# private instruction



## Runs With Fire (Apr 26, 2015)

I am a first, soon to be second dan.  I am considering private lessons.  What would be an acceptable rate to charge/ pay for quality private lessons?  What have you charged/ payed?


----------



## Andrew Green (Apr 26, 2015)

Have a look at personal trainers and what they charge in your area, if you are dealing with kids maybe look at private tutor rates.

If you're intention is a income, you're probably $60+ / hour.  If it's just a hobby and beer money you can charge what ever you want.  Group classes generally work out to somewhere around $12-20 / class in a commercial facility, private lessons should obviously be a fair bit more.


----------



## Tony Dismukes (Apr 27, 2015)

You've got a couple of things that go into the question of "what is an acceptable rate?"

1) What will the market bear? How much demand is there for the material you have to teach? How much demand is there for *you* specifically? How much competition do you have?

2) How much do you have to charge for it to be worth your time and energy? (This is a personal question that only you can answer.)

If the answers to #1 and #2 overlap, then congratulations! You're in business.

I currently charge $50/hour for private lessons. Factors that go into that rate are as follows:

I have 33 years of martial arts experience + black belts in BJJ and a couple of other arts.
I have a reputation as being a relatively good instructor.
I am not a great competitor or tournament champion.
I teach out of a school that has several BJJ black belts as well as other skilled instructors.
Our student base is not particularly wealthy, so $50 is a significant chunk of change.
I have not spent much time or effort marketing myself as a private instructor.
I have a regular day job that pays the bills
I enjoy teaching.


----------



## TSDTexan (Jul 19, 2015)

Tony Dismukes said:


> You've got a couple of things that go into the question of "what is an acceptable rate?"
> 
> 1) What will the market bear? How much demand is there for the material you have to teach? How much demand is there for *you* specifically? How much competition do you have?
> 
> ...




Question... What if any application does Ho Sin Sul bear in anti-grappling? As a BB in BJJ, you are right where I want to be. After 22 years working in TSDMDK, and just now heading to the mats, I am very curious.


----------



## ChrisN (Jul 19, 2015)

There has been some good points made here so I’ve just go a couple to add. 
First off you need to cover your costs. If you’re training in an equipped salie or someone’s back yard will make a huge difference to what you can charge. 
What’s the insurance? 
How much is your time worth? 
All thing to consider.


----------



## Tony Dismukes (Jul 19, 2015)

TSDTexan said:


> Question... What if any application does Ho Sin Sul bear in anti-grappling? As a BB in BJJ, you are right where I want to be. After 22 years working in TSDMDK, and just now heading to the mats, I am very curious.



By Ho sin Sul, you mean stuff like this?















(Apologies if these aren't good examples.
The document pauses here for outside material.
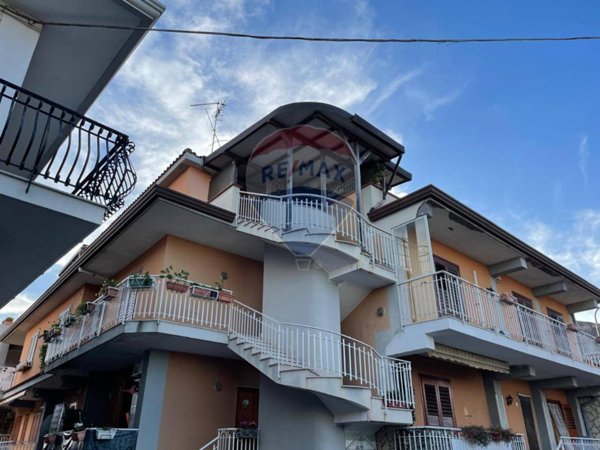 appartamento in vendita ad Acireale in zona Stazzo
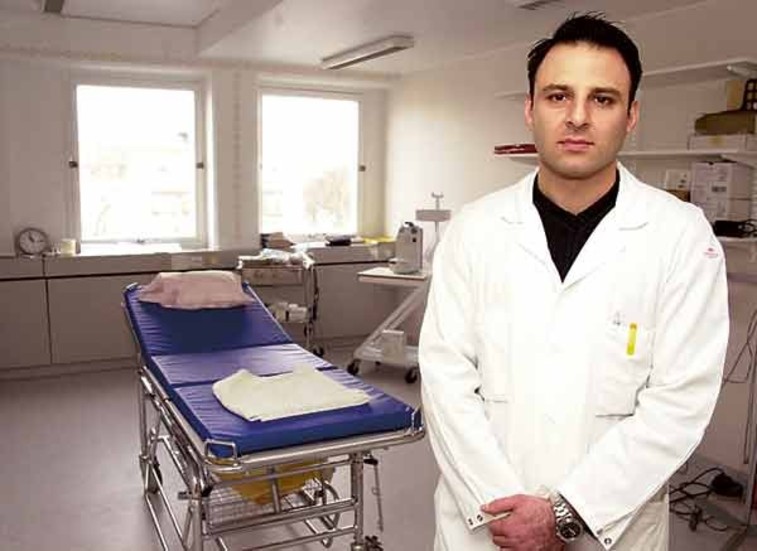Ali Shahrian är ny läkare på vårdcentralen i Hultsfred. Han har redan kommit väl till rätta i det nya akutrummet.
They seem to be typical of the sort of things I've seen in TKD schools in the past.)

Firstly, I would consider these techniques to be basic grappling (sometimes with some strikes mixed in) rather than "anti-grappling."

Secondly, training grappling this way is pretty much equivalent to those striking drills where the "attacker" throws a lunge punch that comes up 6 inches short of the target at full extension, then stands there frozen with the punch outstretched while the defender demonstrates a whole sequence of counterattacks. When the "attack" is that far from anything resembling a real threat, it's hard to develop useful skill even if the techniques are valid.

To elaborate - if a grappler grabs you, it's not a static position where he's waiting around for you to demonstrate your technique. He's going to be actively working to break your balance and structure and he's going to react to whatever you are doing. He's working to disrupt whatever techniques you are attempting. He may be pulling you to a bad angle to set up strikes or takedowns. If you start breaking his grip, he may be already transitioning to a new one. He may be anticipating your escape and using it to set up his next attack.

I'm not saying that you have to do full-out live grappling all the time. However, even when you are drilling techniques in isolation you need to understand the realistic context and energy and intention behind the attacks you are drilling against.

I'm sure there are TKD practitioners out there who train Ho Sin Sul techniques in a realistic and practical way. Unfortunately stuff like the videos above seem to be much more common from what I've seen.


----------



## TSDTexan (Jul 19, 2015)

Well, setting aside tkd, which arguably is a sport and returning to KMA combat styles that are taught to LEOs... And the like... The Ho Sin Sul types I am talking about are lapel and collar grabs defenses, and wrist grab fighting...
These were drilled until the became purely reflex, at places like Osan Air Base, in the 1950s.

If you have to think about "um, he grabbed my left GI collar with his right hand so I am supposed to pivot while dropping into a front stance with my right leg back, while striking his elbow with my left while seizing his contact hand's wrist with with an overhand grip" the fight was over before the lapel was grabbed.

I am talking about, peripheral vision sees a hand approaching the collar/lapel... And the hand graps the collar lapel... And the attacker finds himself in a great deal of pain, armbarred, or such... And is thinking to himself, maybe I shouldn't have done that.

The last video at 1:01 has what I am talking about at a super slow speed.

Drilled to the degree of blinking and breathing.


----------